We know from Equations (11)–(16) that KF based on the AR model needs to know ${\mu }_k$. A cost function based on MMSE can be constructed as follows

$$\begin{array}{l}\min {\mu }_k^T{P}_{k-1,k-1}{\mu }^T\\ subjecttoA{\mu }_k=b\end{array}$$

(17)

Equation (17) can be solved by the Lagrangian multiplication operator [34]

$$L\left({\mu }_k,\lambda \right)={\mu }_k^T{P}_{k-1,k-1}{\mu }_k-{\lambda }^T\left(A{\mu }_k-b\right)$$

(18)

where $\lambda$ is a Lagrange multiplier.
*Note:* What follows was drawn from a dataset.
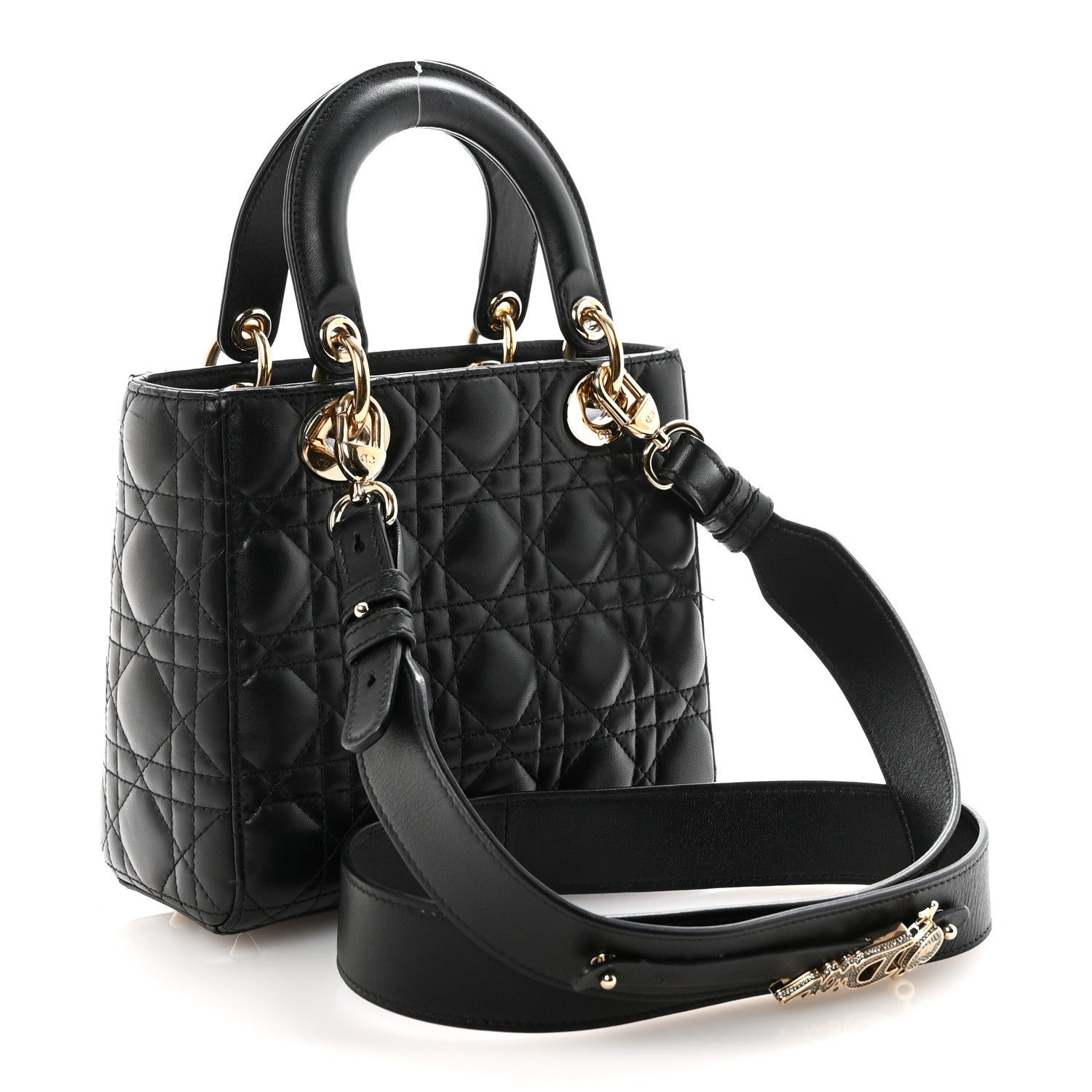 Christian Dior Lambskin Cannage Small My ABCDior Lady Dior Black 3 of 9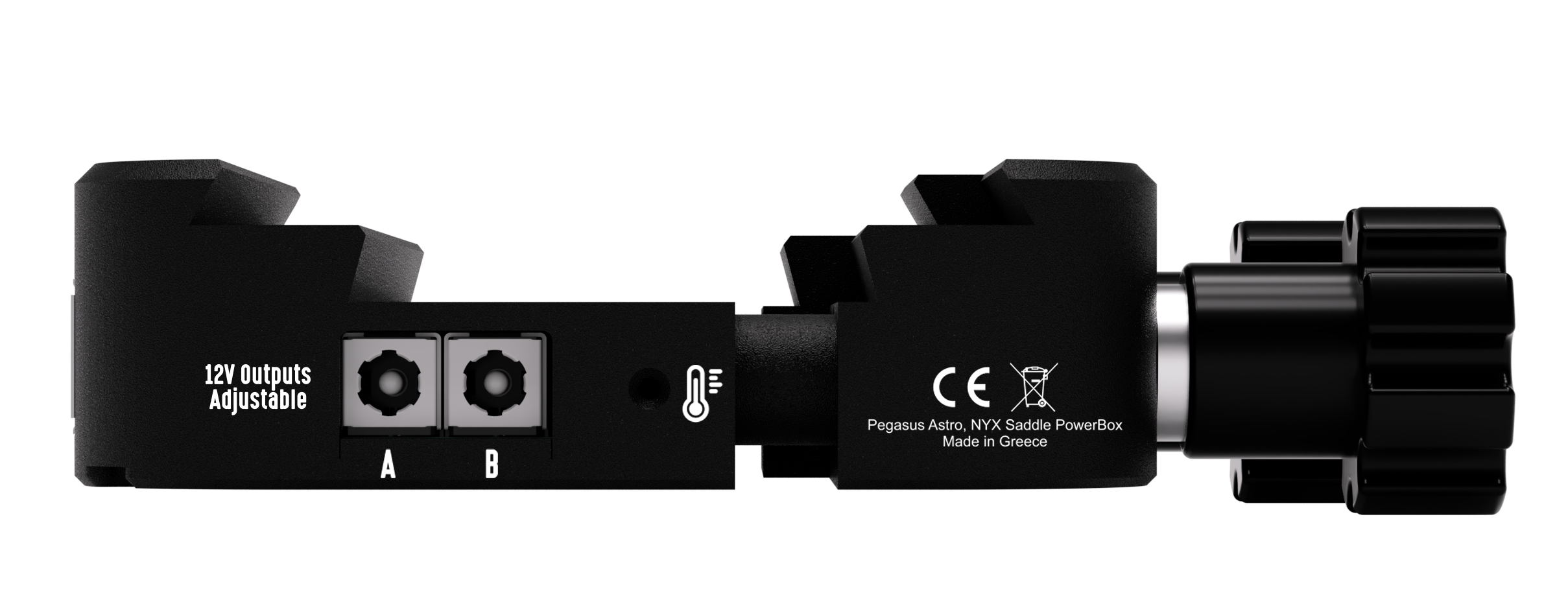 Side panel of the Pegasus Astro Powerbox Saddle showing adjustable 12V outputs labeled A and B with temperature sensor port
Taking the partial derivatives with respect to ${\mu }_k$ and $\lambda$ for Equation (18) and setting them to zero. We can get

$$\left\{\begin{array}{c}\frac{\partial L\left({\mu }_k,\lambda \right)}{\partial {\mu }_k}=0\\ \frac{\partial L\left({\mu }_k,\lambda \right)}{\partial \lambda }=0\end{array}\right.$$

(19)

We can obtain ${\mu }_k$ by solving Equation (19),

$${\mu }_k=P_{k-1,k-1}^{-1}{A}^T{\left(A{P}_{k-1,k-1}^{-1}{A}^T\right)}^{-1}b$$

(20)

We can see from Equation (20) that the solution of ${\mu }_k$ uses the information polynomial and state variance. Thus, compared to traditional KF, KF based on the AR model can effectively reduce the noise.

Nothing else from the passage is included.